Sebelum dijawab, perlu kita ketahui bahwa polemik selametan tahlilan menimbulkan pro dan kontra di kalangan kaum muslimin khususnya di Indonesia.
Mereka yang terbiasa mengamalkan tahlilan atau dikenal selametan, menganggap bahwa orang yang tidak mengamalkan tahlilan dianggap tidak sayang dan meremehkan anggota keluarganya yang meninggal dunia. Sebaliknya bagi mereka yang anti tahlilan, menganggap bahwa amalan tersebut merupakan amalan baru yang tergolong bid’ah karena tidak dicontohkan secara eksplisit oleh Rasulullah shallallãhu alaihi wasallam dan para sahabat radliyallahu ‘anhum.
Namun bagi yang mengamalkan selamatan 7, 40, 100, 1.000 hari, mereka memiliki dalil atau argumentasi bahwa tradisi ini dihukumi boleh. Tradisi penetapan hari ini memiliki landasan kepada syariat Islam.
Dan dalam hal ini, yang perlu diperhatikan bukanlah mengirim pahala bacaan tahlilan, dsb itu kepada orang yang sudah meninggal dunia, melainkan pada aspek penetapan waktunya. Karena pada dasarnya kita boleh berdoa dan mengirim pahala kepada keluarga kita yang sudah meninggal dunia kapanpun saja, tidak terfokus & terbatas pada hari ke-7, 40, 100, atau 1.000.
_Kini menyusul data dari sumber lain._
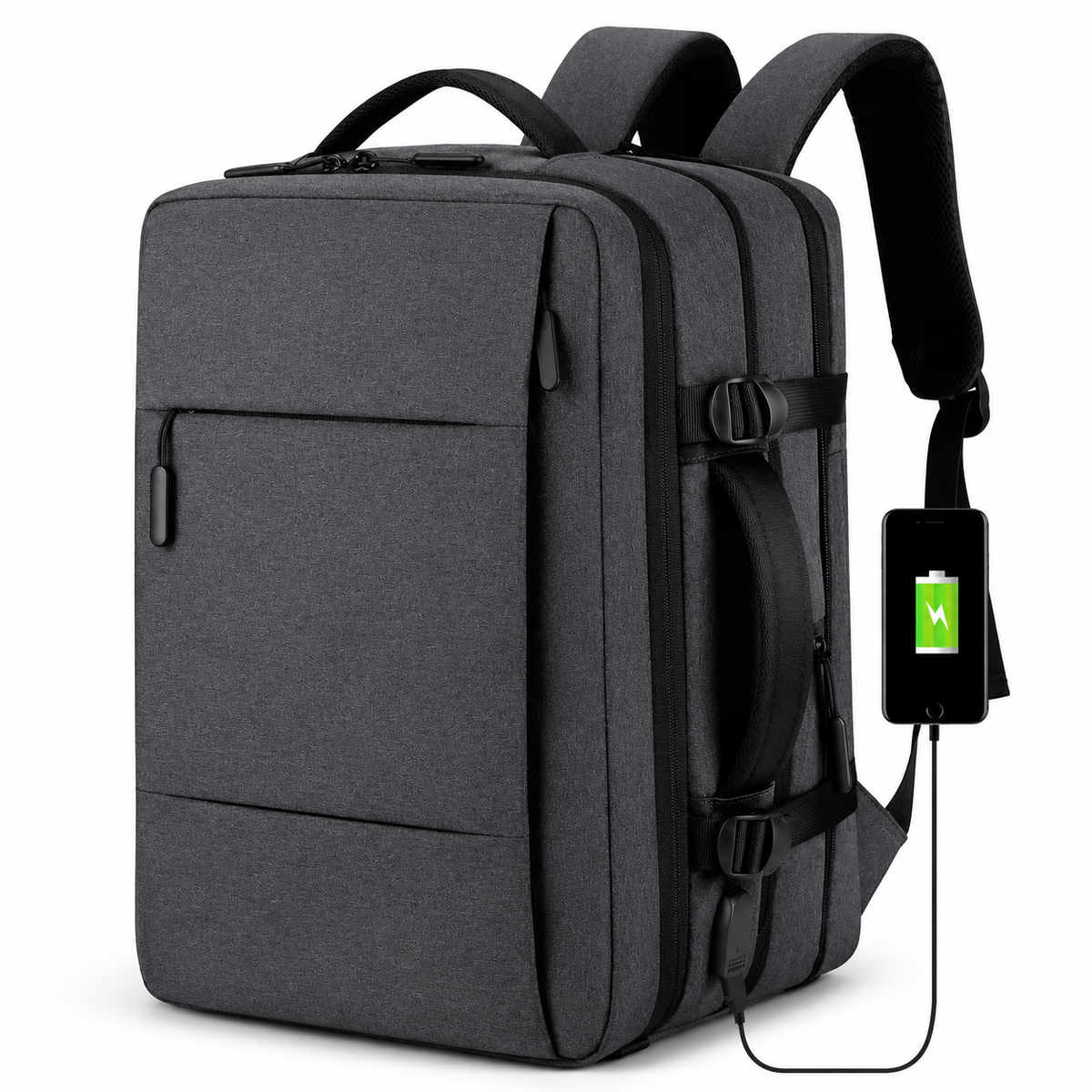 Premium Laptop Backpack Waterproof Expandable Business Travel Bag USB Charging Large Capacity 13 to 17 Inch Laptop Compatible Pack Everyday Carry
Di antara dalil dan argumen mereka adalah seperti:
Pertama; tangisan makhluk hidup atas wafatnya Nabi Adam ‘aliahissalam selama tujuh hari. Imam Ibnu ‘Asakir (w. 571 H) dalam kitabnya Tarikh Dimasyq, menyebutkan:
عن عطاء الخراساِني قال: بكت الخلَائق على آدم حين توفي سبعة أَيام
Dari ‘Atha’ al-Khurasani, ia berkata, “Seluruh makhluk menangis selama tujuh hari karena Adam ‘alaihissalam ketika dia wafat.”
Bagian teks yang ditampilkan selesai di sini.